Yo, ciudadano
Octaviano
Santiago Dionisio
Gustavo
Martínez Castellanos
No
tiene patronímicos. Cada uno de sus nombres encierra una historia: emperador
romano; apóstol; dios griego del exceso. Una época.
Pero
no fue la suya una biografía que germinara en terrenos de la cultura la
espiritualidad, el conocimiento contenido en los libros. Sino en la experiencia
personal.
Fue
guerrillero; en el más paradigmático estado de la república mexicana: Guerrero;
en un tiempo en el que se mezclan todos los claroscuros de la historia de la
entidad.
A
su muerte, sus amigos lo recuerdan con cariño. Sus enemigos, no.
Nadie
olvida. Ni las crónicas de la prensa de aquel tiempo, ni la memoria alerta en
una vigilia de odios mutuos. Rencores insomnes.
En
la periferia y en el antecedente de la parte biográfica del guerrillero, del
hombre de armas, del que se entrega a una ideología que promete redención, se
encuentra no la justificación sino el fundamento siniestro de las decisiones
sin retorno.
¿Cómo
decide alguien, ya hijo, hermano, esposo, padre abandonar la familia, el hogar,
la legalidad -aún cojitranca- y echarse un arma al hombro, subirse al monte y hostilizar
al orden establecido (en el que dejó a su familia) y vivir a salto de mata?
¿Cómo
puede, además, erigirse enemigo de aquellos a quienes la sociedad reconoce como
benefactores, prohombres, “garantes del progreso y del desarrollo”?
¿En
qué momento decide que está apto para enfrentar fuerzas pertrechadas,
entrenadas y armadas para el ataque, insertas en una línea de mando que aceita la
obediencia ciega y que no se detiene a cuestionar las razones del otro?
¿ Qué fuerzas lo sostienen ante el hambre, los tiroteos,
la muerte?
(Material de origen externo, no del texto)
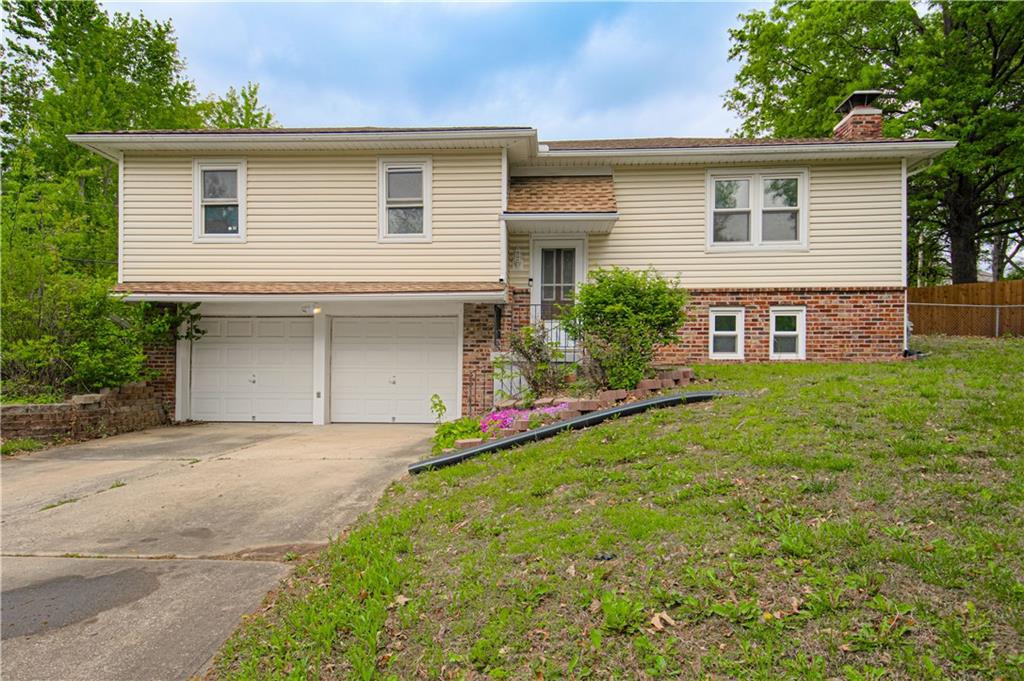 Listing Photo MLS #HMS2616320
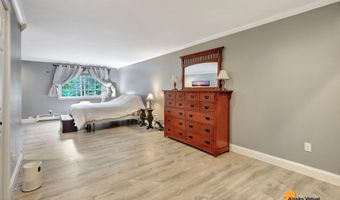 4212 Kingston Dr, Anchorage, AK 99504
La soledad.
¿Cómo
continuar mientras los hijos crecen, se hacen hombres y se van; y los padres
envejecen y mueren? ¿Cómo no rendirse, no someterse? Los fanatismos. La
historia.
Hombres
“alzados en armas”; “en la sierra” “proscritos” porque el orden impuesto era
insufrible. Denigrante. La ley, sobre el débil, el vulnerable, el impotente; a
las órdenes del que paga, del heredero de poderosos apellidos. ¿Cuántas
injusticias? ¿Cuántos presos? ¿Cuántos secuestrados? ¿Cuántos torturados?
¿Cuántos muertos? ¿Cuánta sangre por un sistema político y judicial inhumano,
podrido, inaceptable? Con todo en contra: ¿cómo decide alguien echarse un arma
al hombro?
Octaviano
tomó esa decisión. Fue preso y torturado. La sostuvo. No delató. No defeccionó.
Fue diputado. En su familia no hay burócratas ni políticos con fuero. No erigió
residencias, no adquirió autos de lujo, no se aferró al “hueso”. Pienso que no traicionó
aquello en lo que creía. Ni a sí mismo. Sus amigos lo celebran: no vender su
sangre ni la de sus compañeros. Su congruencia. Su exigirse a sí mismo, no
flaquear.
En
las heridas sin cerrar; de aquellos tiempos aún resuenan los disparos, los
lamentos, la agonía. Los excesos. La guerra. ¿Era necesario todo eso? Hoy, Octaviano
Santiago Dionisio en su biografía es paradigmático: lección dura, filosa, la
suya. Ejemplo que espera conjurar ese pasado. Hace diez días de su muerte y la
avalancha de recuerdos que ha atraído parece tan lejana. Y tan cercana: las
trampas políticas, los cochupos electorales, la invitan. Los jueces
corrompidos. Los sucios tribunales. Las heridas de ayer pueden abrirse hoy nuevamente.
Pero el silencio nos invita a beber de nuestra historia.